Why Trump is not the only con man

The Donald might be a con man, but with many politicians having over promised and under delivered, it's less surprising voters don't seem to care.

David Becker/Reuters
Republican presidential candidates (left to right) Sen. Marco Rubio (R) of Florida, Dr. Ben Carson, Donald Trump, and Sen. Ted Cruz (R) of Texas stand onstage together during the singing of the United States national anthem the Republican presidential debate in Las Vegas, Nevada, Dec., 2015.

Let’s posit that Donald Trump is a con man.

Most Trump voters probably know that and don’t really care that much.

They look at all politicians and they think that they are all con men.

How many Republicans promised to repeal Obamacare, knowing full well that they didn’t have the votes to override a Presidential veto?

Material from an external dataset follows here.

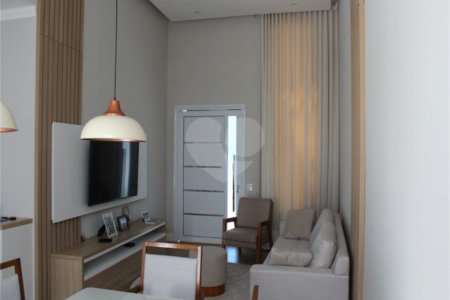 Casa à venda com 3 quartos, sendo 2 suítes, no condomínio Residencial Mantova, Indaiatuba - SP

Sen. Ted Cruz (R) of Texas, Mr. Trump’s chief rival, is probably the biggest con man out there.

His big con is that he is an outsider. I love when those Princeton/Harvard guys pretend to be Joe Schmo from down the street.

Senator Cruz conned the American people into believing he had a plan to get President Obama to build a repeal of Obamacare and then pay for it, not that dissimilar to Trump’s promise to build a wall on the Mexican border and get the Mexican government to pay for it.

Only a few people actually fell for the Cruz con, but it was enough to force a government shutdown for weeks on end.

Sen. Marco Rubio (R) of Florida’s challenge in making an issue of Trump’s insincerity as a candidate is to make the case that Trump’s con is any way more substantial than the typical con job played by the typical politician.

And that won’t be easy.

The brilliance of the Trump con is that he is so completely obvious in his insincerity that it seems like he is letting the American people in on his con. He is taking us all for a ride.

Trump made a lot of money in the world of reality television. Like “The Apprentice,” the Donald’s campaign has a reality show feel to it. It’s not actual reality but it sure seems like it.

We live in a reality television world. Reality shows document all aspects of the American society, from hoarders to real dirty jobs to white trash Honey boo-boos to Christian evangelicals to basketball wives to house flippers to the wives of Mobsters to basketball wives to the Kardashians.

All of these shows promise to reveal some aspect of “reality,” but by their very nature, they automatically distort that reality by the process of documenting it.

Donald Trump has captured this zeitgeist perfectly. His campaign has all of the aspects of a real Presidential campaign, but it is built on fraudulent platform.

Trump can’t be a real candidate, because he doesn’t actually know anything. He can’t be a real candidate because a real candidate actually puts forward real ideas, real policies and real proposals.

The brilliance of the Trump campaign is that he doesn’t bother with any substance. His skin deep approach to world of governance hits a bulk of the American people where they currently reside, in a format more fit for a 30 minute Bravo television show.

Had the political class been more honest with the American people about their promises and been more realistic in their proposals, perhaps we wouldn’t be in this position.

My old boss, Denny Hastert, believed firmly in the principle of under-promising and over-delivering.

Donald Trump makes bold promises with no intention of following through on them. But how is that different from some of the other promises made by our political leaders of late?